As a recent Robert Frost fan, who was also a part-life Vermonter, I will refer to both white bark attracters as ‘Birches’, in honor of Frost’s poem titled the same .
Frost writes in Birches: “Earth’s the right place for love: I don’t know where it is likely to go better. I’d like to go by climbing a birch tree, And climb black branches up a snow-white trunk Toward heaven, till the tree could bear no more, But dipped it’s top and set me down again. That would be good both going and coming back, One could do worse than be a swinger of birches.”
After a recent snow fall, I better visualize Frost’s sentiments on swinging birches. I shake a snow covered, weighed down, birch over the driveway, as I plow my way to Wolf Lane. Me and my green and yellow John Deere are now white all over. What is astonishing to me is, with a little shake, the tree sprang back to nearly upright, like a catapult.
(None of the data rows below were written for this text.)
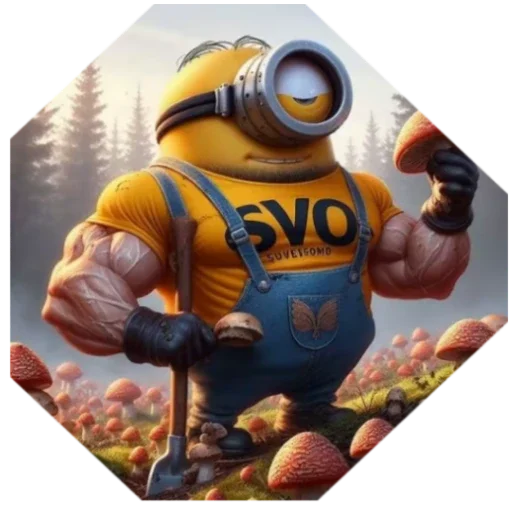 SVO - 
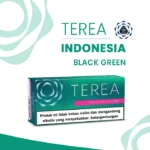 TEREA Black Green Indonesia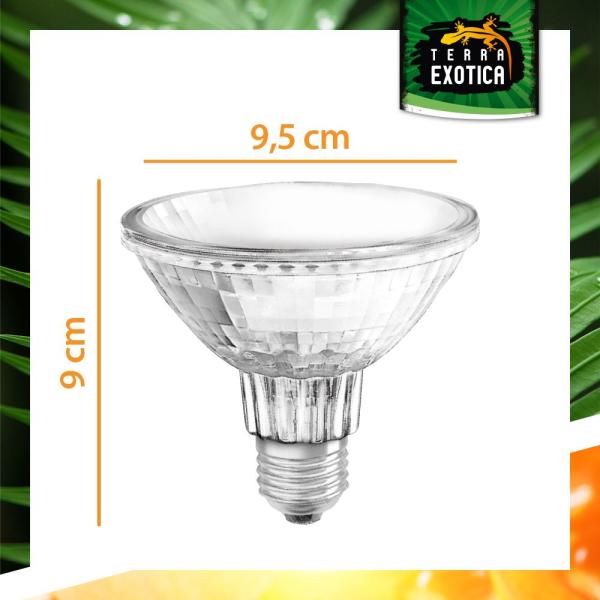 Terra Exotica Halogen Sunspot - Halogen Spotstrahler - 35 Watt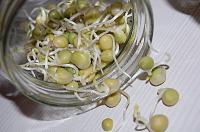 How to Grow Sprouts in a Jar - Step 17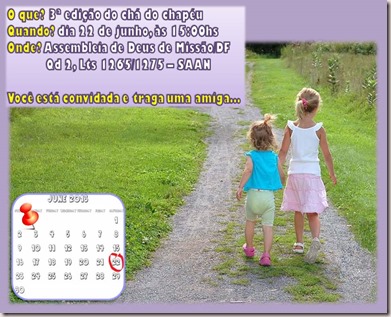 3 cha do chapeu 22 06 2013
I would have been pulled off the Deere, to the sky, if I hadn't let go.
A short while ago I designated a cove, on the Photo Farm, in a patch of birches, to be a proper place for a bench to rest and meditate. I am moved more to do such, with my recent visit to capture the snow impact.
I am now, in my mind, “Some boy too far from town to learn baseball, Whose only play was what he found himself, Summer or winter, and could play alone. One by one he subdued his father’s trees , By riding them down over and over again Until he took the stiffness out of them, And not one but hung , not one was left For him to conquer.”